0
votes

I am running RabbitMQ 3.7.28 on a linux node, single installation, no more cluster nodes. The MQTT message plugin is enabled, both TLS and non-TLS connections are successful. Using python 3.8 and pika 1.1.0 I have sent 1,000,000 messages to the broker via AMQP.

During sending of the messages I had two consumer connected: one using pika/AMQP, one using paho-mqtt 1.5.1. Both consumers received 1,000,000 messages.

Then I tried sending messages using paho-mqtt, and after this script finished both clients had received 999,983 messages. Repeated tests showed, that a different number of messages gets dropped, but always in the tens.

To figure out what was going on, I added the message count to the message. The resulting messages showed, that only the last messages were missing. The consumer showed this message as the last entry:

99979: dev/testtopic b'99979: 2020-10-05T12:00:00.682216'

(the first 99979 is the counter from the consumer, the second one is the counter from the producer)

Trying to get things better I set qos=1. Now reliably after 20 messages the consumers stops receiving messages. The producer exists without error after the number of messages I intended to send.

Am I doing something wrong? Can you tell me, where the messages are lost? Or give me a hint on how to debug this issue? The results are independent of using TLS or leaving it turned off.
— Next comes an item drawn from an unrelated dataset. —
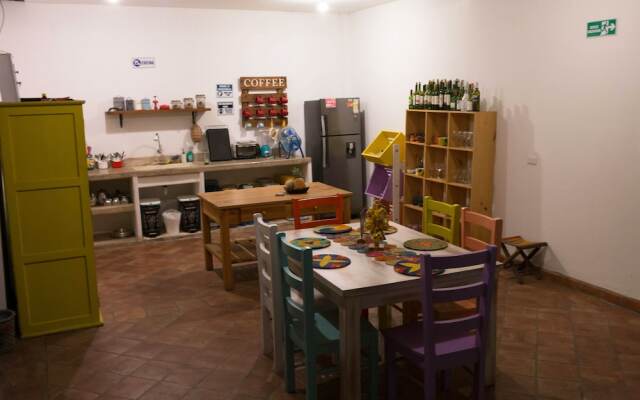 Hotel Meraki Boutique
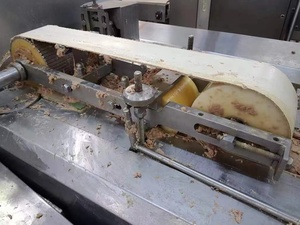 15 Tahun Grosir Kustom Pabrik Sabuk Kering Poliuretan PU Lingkaran Sabuk Konveyor <span class=keywords><strong>Food</strong></span> <span class=keywords><strong>Grade</strong></span> - Product Image 6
If you have questions, please ask them!

Thank you.

For reference: here is (most) of the code I used:

MQTT Producer

import paho.mqtt.client as mqtt
from datetime import datetime

client = mqtt.Client()
client.username_pw_set(user, password)
client.connect(server, port)

print(datetime.utcnow().isoformat())
for i in range(1000000):
    client.publish("dev/testtopic", f'{i + 1}: {datetime.utcnow().isoformat()}', qos=0)
print(datetime.utcnow().isoformat())

client.disconnect()

AMQP Producer

import pika
from datetime import datetime
from urllib.parse import quote


with pika.BlockingConnection(pika.URLParameters(f'amqp://{user}:{password}@{server}:{port}/{vhost}')) as connection:
    print(datetime.utcnow().isoformat())
    channel = connection.channel()
    routing_key = 'dev.testtopic'
    for i in range(1000000):
        channel.basic_publish(
            exchange='amq.topic', routing_key=routing_key, body=f'{i}: {datetime.utcnow().isoformat()}')
    print(datetime.utcnow().isoformat())

MQTT Consumer

import paho.mqtt.client as mqtt


def on_connect(client, userdata, flags, rc):
    print("Connected with result code " + str(rc))

    # Subscribing in on_connect() means that if we lose the connection and
    # reconnect then subscriptions will be renewed.
    client.subscribe("$SYS/#")
    client.subscribe("dev/testtopic")


def on_message(client, userdata, msg):
    global count
    count += 1
    print(f'{count}: {msg.topic} {str(msg.payload)}')


count = 0

client = mqtt.Client()
client.username_pw_set(user, password)
client.on_connect = on_connect
client.on_message = on_message

client.connect(server, host)
client.loop_forever()

AMQP Consumer

import pika

def callback(ch, method, properties, body):
    global count
    count += 1
    print(f'{count}: {method.routing_key} {body}')


with pika.BlockingConnection(pika.URLParameters(f'amqp://{user}:{password}@{server}:{port}/{vhost}')) as connection:
    channel = connection.channel()

    result = channel.queue_declare(queue='', exclusive=True)
    queue_name = result.method.queue

    channel.queue_bind(exchange='amq.topic', queue=queue_name, routing_key='dev.testtopic')
    print(' [*] Waiting for messages. To exit press CTRL+C')
    count = 0


    channel.basic_consume(
        queue=queue_name, on_message_callback=callback, auto_ack=True)

    channel.start_consuming()
1
Have you tried adding an 'on_disconnect()' to your MQTT Consumer to see if it is disconnecting at all? If the issue happens only at the end of the run, then try commenting out the 'client.disconnect()' call on the MQTT Producer and see if that changes anything....could be a timing issue.JD Allen
Many thanks. The consumer does not disconnect. Turns out, it is a timing and/or flushing issue; with some modifications to the code I can reliably send >5,000,000 messages in a rush. I will figure out, if this is caused by paho or the MQTT plugin on the server and create a ticket accordingly.jesterchen

1 Answers

0
votes

Some suggestions:

  • Your AMQP publisher should be using publisher confirmations. Without them, you can lose messages - https://www.rabbitmq.com/confirms.html#publisher-confirms
  • Your MQTT client is exiting before all messages are published. This is not a RabbitMQ bug. You need to register for the on_publish callback and ensure that publishing has completed before your program exits. A hacky way to do this would be to wait a while after your last publish (30 seconds?) and then exit.

NOTE: the RabbitMQ team monitors the rabbitmq-users mailing list and only sometimes answers questions on StackOverflow.